Thomas Kailath (born June 7, 1935 in Pune, India) is an Indian electrical engineer, information theorist, control engineer, entrepreneur and the Hitachi America Professor of Engineering, Emeritus, at Stanford University. Professor Kailath has authored several books, including the well-known book Linear Systems, which ranks as one of the most referenced books in the field of linear systems. Kailath is listed as an ISI highly cited researcher.
Edward John Routh FRS (20 January 1831–7 June 1907), was an English mathematician, noted as the outstanding coach of students preparing for the Mathematical Tripos examination of the University of Cambridge in its heyday in the middle of the nineteenth century. He also did much to systematise the mathematical theory of mechanics and created several ideas critical to the development of modern control systems theory.
Nikolay Nikolaevich Bogolyubov was a Russian and Ukrainian Soviet mathematician and theoretical physicist known for a significant contribution to quantum field theory, classical and quantum statistical mechanics, and to the theory of dynamical systems; a recipient of the Dirac Prize (1992).
Steve Ciarcia is an embedded control systems engineer. He became popular through his Ciarcia's Circuit Cellar column in BYTE magazine, and later through the Circuit Cellar magazine that he published. He is also the author of "Build Your Own Z80 Computer" book, edited back in 1981 and "Take My Computer... Please!" book, published in 1978. In december 2009 Steve Ciarcia announced that for the American market a strategic cooperation would be entered between Elektor and his Circuit Cellar magazine
Vasile Mihai Popov (born 1928) is a leading systems theorist and control engineering specialist. He is well known for having developed a method to analyze stability of nonlinear dynamical systems, now known as Popov criterion.

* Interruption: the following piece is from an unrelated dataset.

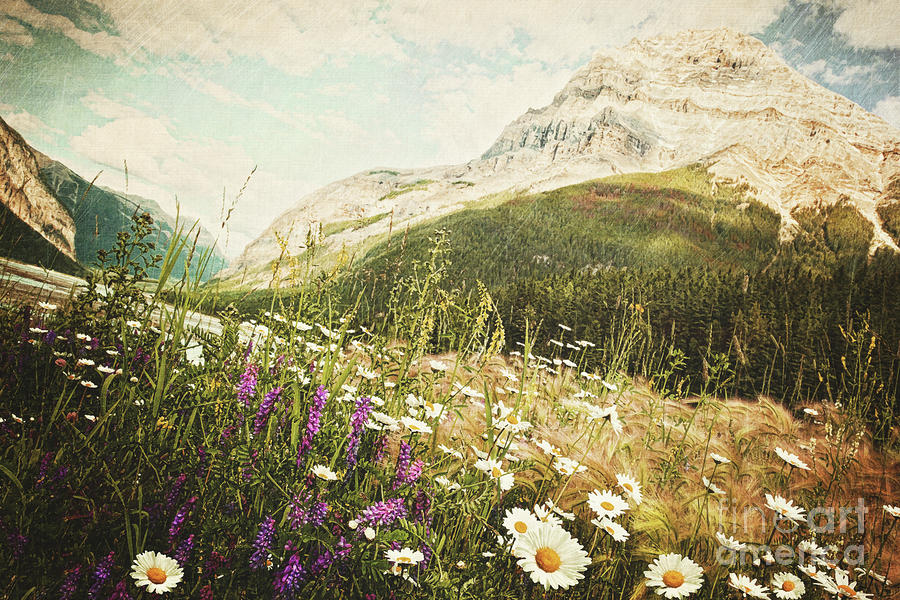 Banff National Park Photograph - Field of daisies and wild flowers #3 by Sandra Cunningham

Hendrik Wade Bode, (24 December 1905 – 21 June 1982) was an American engineer, researcher, inventor, author and scientist, of Dutch ancestry. As a pioneer of modern control theory and electronic telecommunications he revolutionized both the content and methodology of his chosen fields of research. In addition, his research impacted many other engineering disciplines and laid the foundation for a diverse array of modern innovations such as computers, robots and mobile phones among others.
Eliahu Ibraham Jury is an American engineer, born in Baghdad, Iraq. He received his Doctor of Engineering Science degree from Columbia University of New York in 1953. He was professor of Electrical Engineering at the University of California, Berkeley, and the University of Miami. He developed the advanced Z-transform, used in digital control systems and signal processing.
Petar V. Kokotovic (born 1936) is a Serbian scientist, who is professor in the Department of Engineering at the University of California Santa Barbara, USA. He has made contributions in the areas of adaptive control, singular perturbation techniques, and nonlinear control.